▸ **TASK TO CARRY OUT**
Retype, please, the listing from its opening line through the line that contains "Foto as palmas", both included, without the pictures.

▸ **COLLECTED MATERIAL**
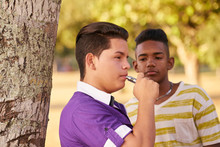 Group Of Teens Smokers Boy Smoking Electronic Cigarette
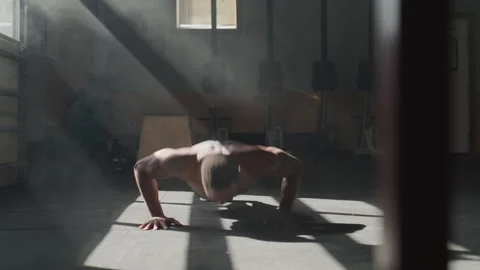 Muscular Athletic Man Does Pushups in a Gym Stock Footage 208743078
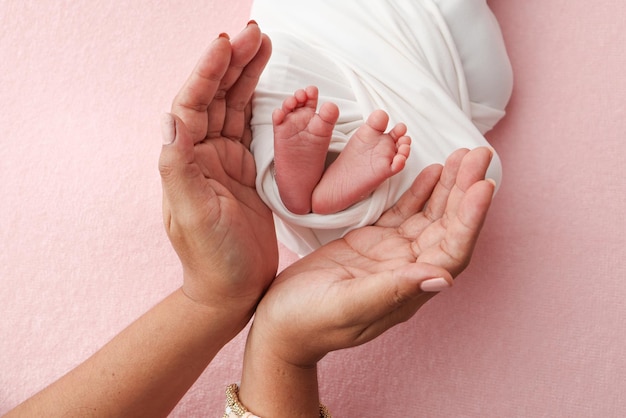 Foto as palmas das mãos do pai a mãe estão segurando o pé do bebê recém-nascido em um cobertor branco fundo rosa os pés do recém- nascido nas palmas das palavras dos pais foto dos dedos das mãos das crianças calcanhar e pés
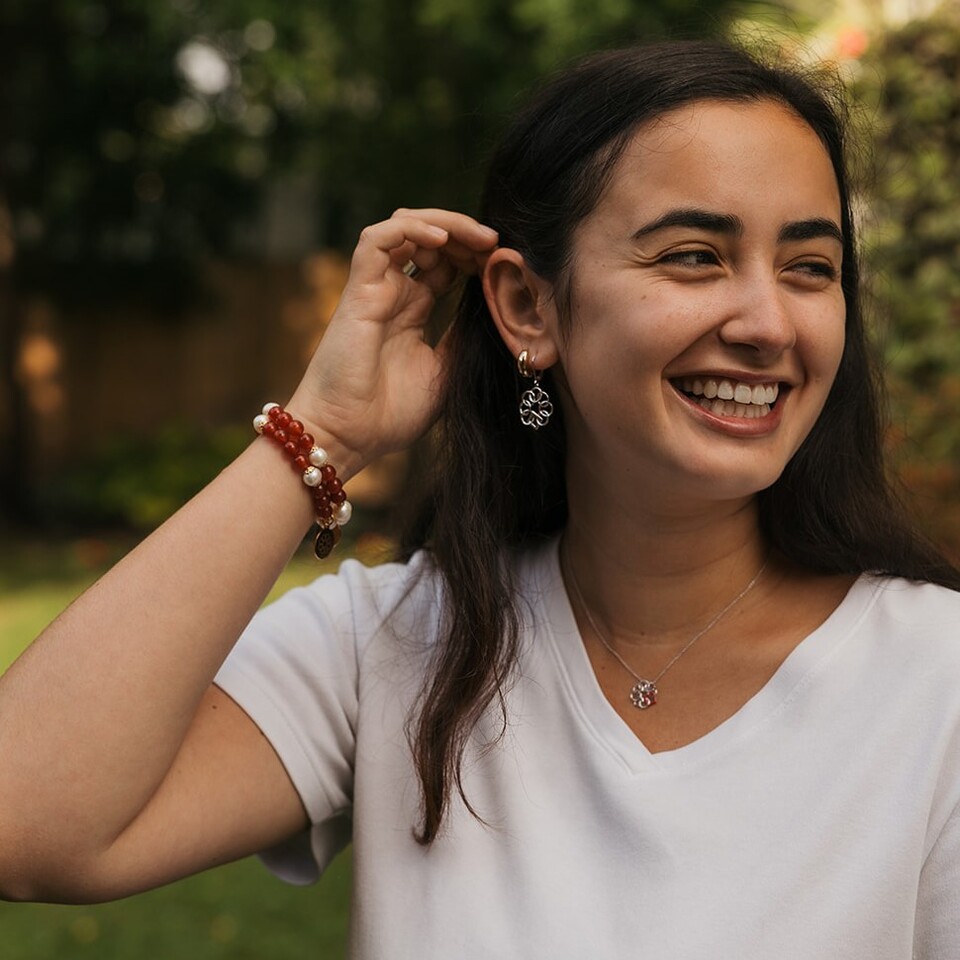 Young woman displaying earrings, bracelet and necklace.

▸ **ANSWER TO THE EXERCISE**
 Group Of Teens Smokers Boy Smoking Electronic Cigarette
 Muscular Athletic Man Does Pushups in a Gym Stock Footage 208743078
 Foto as palmas das mãos do pai a mãe estão segurando o pé do bebê recém-nascido em um cobertor branco fundo rosa os pés do recém- nascido nas palmas das palavras dos pais foto dos dedos das mãos das crianças calcanhar e pés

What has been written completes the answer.